Work order:
Transcribe exactly the line containing "Tuổi trẻ Thanh" plus every later line in the data.

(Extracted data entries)

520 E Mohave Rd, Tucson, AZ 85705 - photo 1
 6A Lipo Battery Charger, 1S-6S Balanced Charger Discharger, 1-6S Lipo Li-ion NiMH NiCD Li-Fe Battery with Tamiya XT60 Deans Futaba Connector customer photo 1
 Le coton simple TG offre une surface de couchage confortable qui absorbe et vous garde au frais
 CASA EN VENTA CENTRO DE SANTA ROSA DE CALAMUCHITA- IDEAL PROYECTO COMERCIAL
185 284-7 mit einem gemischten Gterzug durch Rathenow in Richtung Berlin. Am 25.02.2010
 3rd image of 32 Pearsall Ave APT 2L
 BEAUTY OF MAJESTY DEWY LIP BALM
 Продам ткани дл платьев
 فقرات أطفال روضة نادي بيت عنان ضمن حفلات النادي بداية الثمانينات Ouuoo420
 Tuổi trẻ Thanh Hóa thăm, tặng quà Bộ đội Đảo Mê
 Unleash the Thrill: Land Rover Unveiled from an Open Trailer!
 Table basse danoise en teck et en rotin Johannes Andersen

The completed task:
 Tuổi trẻ Thanh Hóa thăm, tặng quà Bộ đội Đảo Mê
 Unleash the Thrill: Land Rover Unveiled from an Open Trailer!
 Table basse danoise en teck et en rotin Johannes Andersen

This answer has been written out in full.